Accepted for Filing Streamlined Public Notice

International Telecommunications

2019-09-27

FCC.report > IB > Public Notices > TEL01983S
IBFS_PN_1926348

                        PUBLIC NOTICE
                        FEDERAL COMMUNICATIONS COMMISSION
                        445 12th STREET S.W.
                        WASHINGTON D.C. 20554

                        News media information 202-418-0500
                        Internet: http://www.fcc.gov (or ftp.fcc.gov)
                        TTY (202) 418-2555

 Report No. TEL-01983S                                                                                    Friday September 27, 2019

                                  Streamlined International Applications Accepted For Filing
         Section 214 Applications (47 C.F.R. §§ 63.18, 63.24); Section 310(b) Petitions (47 C.F.R. § 1.5000)
Unless otherwise specified, the following procedures apply to the applications listed below:

The international Section 214 applications listed below have been found, upon initial review, to be acceptable for filing
and subject to the streamlined processing procedures set forth in Section 63.12 of the Commission's rules, 47 C.F.R. §
63.12. These applications are for authority under Section 214 of the Communications Act, 47 U.S.C. § 214(a), to
transfer control of an authorized carrier or to assign a carrier's existing authorization; and/or (b) to become a
facilities-based international common carrier; and/or (c) to become a resale-based international common carrier.
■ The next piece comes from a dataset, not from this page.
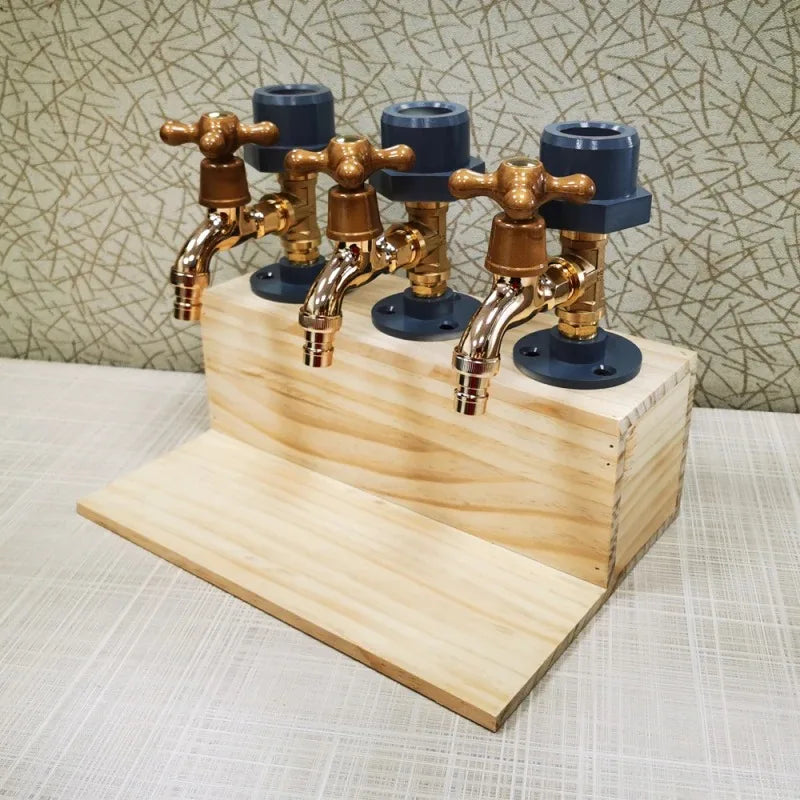 Holz Whisky Schnaps Spender Wasserhahn geformt Schuss Spender Getränke Whisky Halter für Flasche Home Bar Party Bar Zubehör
Pursuant to Section 63.12 of the rules, these Section 214 applications will be granted 14 days after the date of this public
notice (see 47 C.F.R. § 1.4 regarding computation of time), and the applicant may commence operations on the 15th day,
unless the Commission has informed the applicant in writing, within 14 days after the date of this public notice, that the
application, on further examination, has been deemed ineligible for streamlined processing. Pursuant to Section
1.1910(b)(2) of the rules, action will be withheld on any application by any entity found to be delinquent in its debts to
the Commission. Applicants should check the Red Light Display System's website at www.fcc.gov/redlight to determine
if they are delinquent in a debt to the Commission and for information on how to pay the debt.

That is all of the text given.